» Your objective: An exact copy of all the data below is needed, without its pictures.

Records for processing START

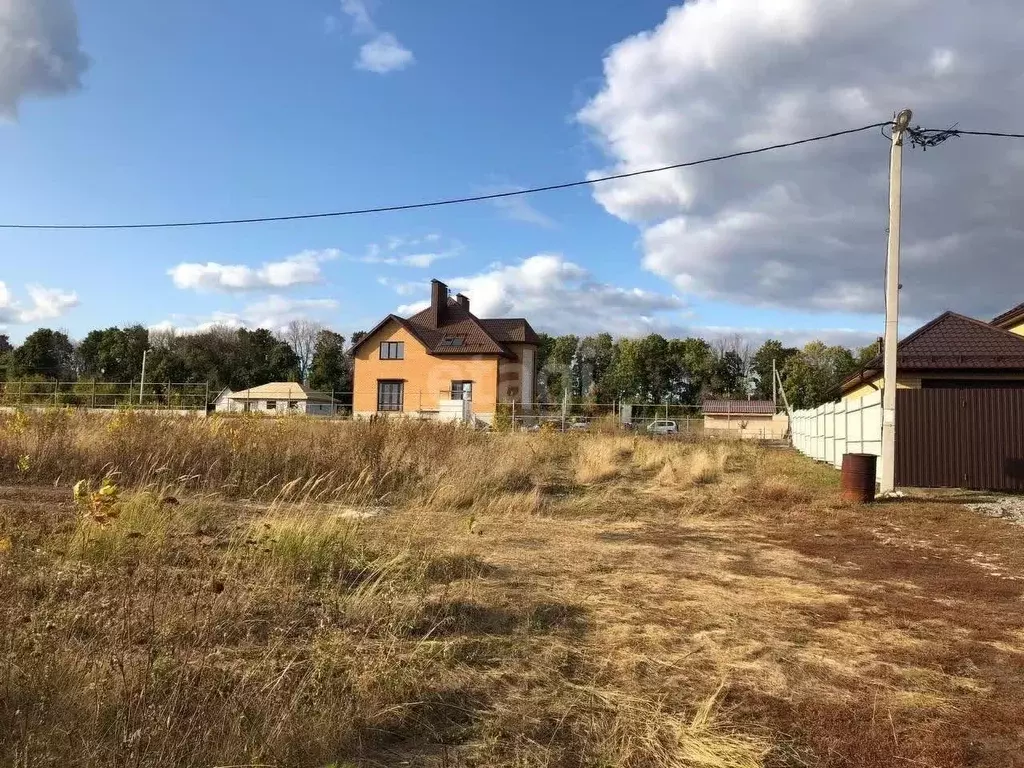 Участок в Воронежская область, Семилукский район, с. Губарево ... - Фото 1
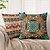 voordelige boho-stijl-Mandala Bohemian Decoratieve Losse Kussensloop 1PC Zachte Vierkante Bank Kussenhoes Kussenhoes voor Slaapkamer Woonkamer Bank Stoel
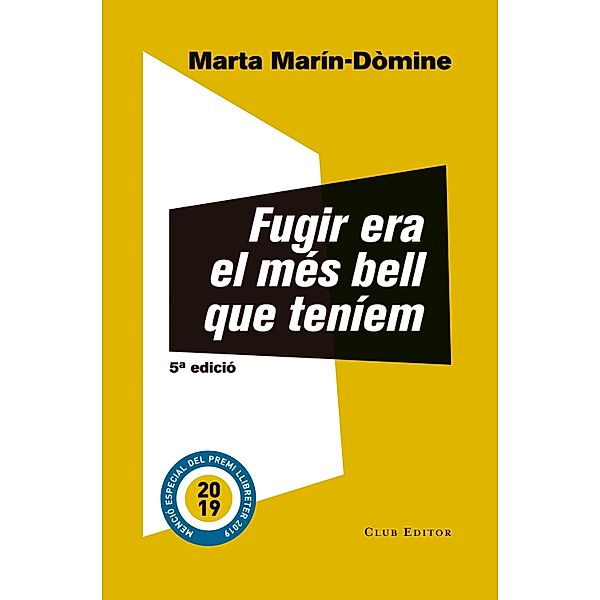 Fugir era el més bell que teníem, Marta Marín-Dòmine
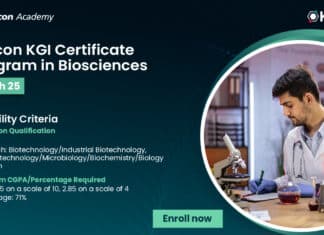 Biocon KGI Program
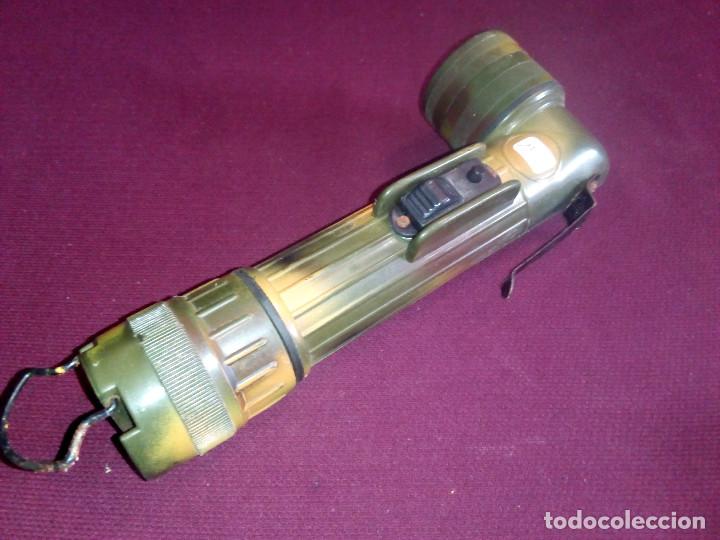 Militaria: LINTERNA DE SE&Ntilde;ALES EJERCITO ESPA&Ntilde;OL - Foto 2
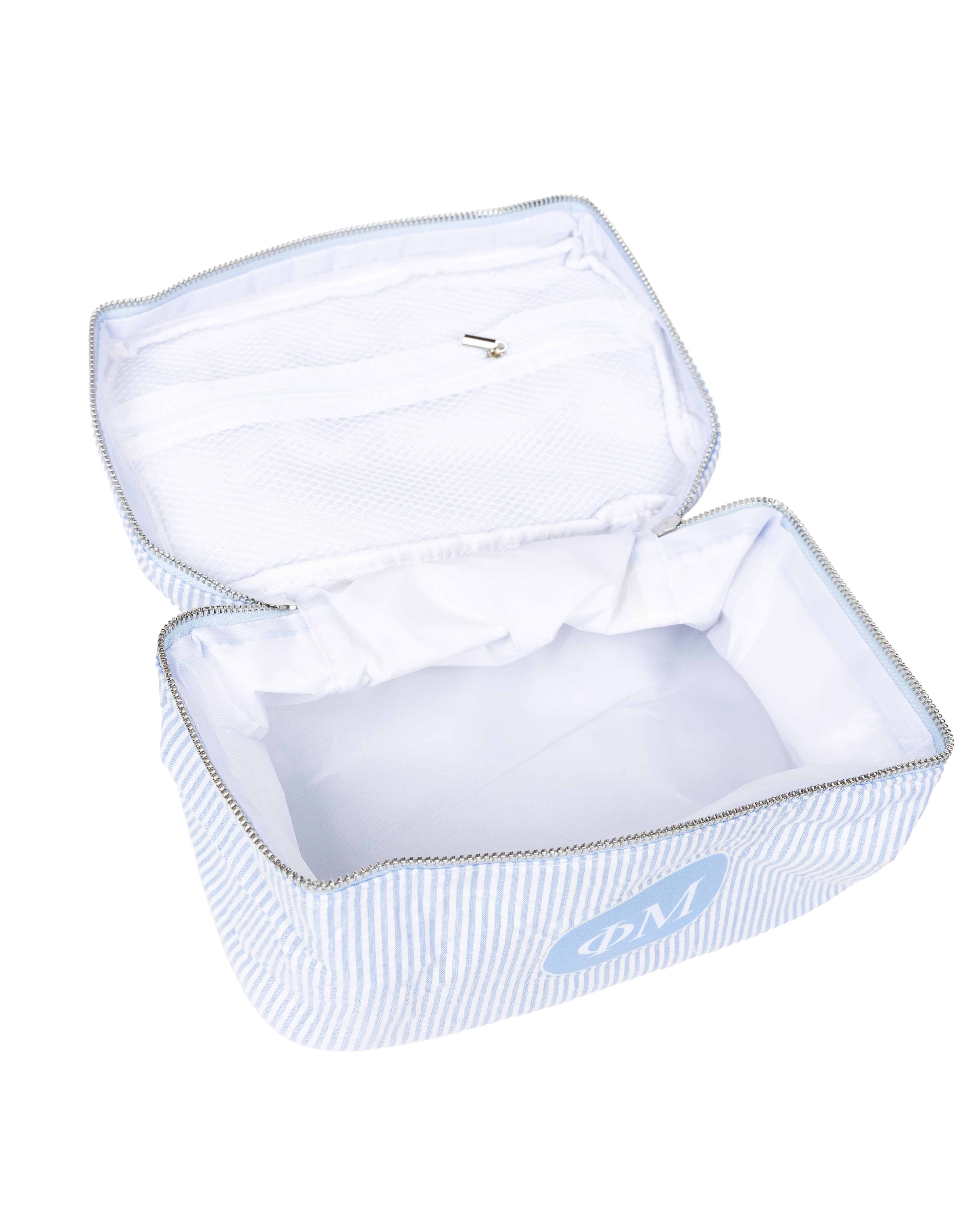 Phi Mu Large Cosmetic Bag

Records for processing END

» Final answer:
 Участок в Воронежская область, Семилукский район, с. Губарево ... - Фото 1
 voordelige boho-stijl-Mandala Bohemian Decoratieve Losse Kussensloop 1PC Zachte Vierkante Bank Kussenhoes Kussenhoes voor Slaapkamer Woonkamer Bank Stoel
 Fugir era el més bell que teníem, Marta Marín-Dòmine
 Biocon KGI Program
 Militaria: LINTERNA DE SE&Ntilde;ALES EJERCITO ESPA&Ntilde;OL - Foto 2
 Phi Mu Large Cosmetic Bag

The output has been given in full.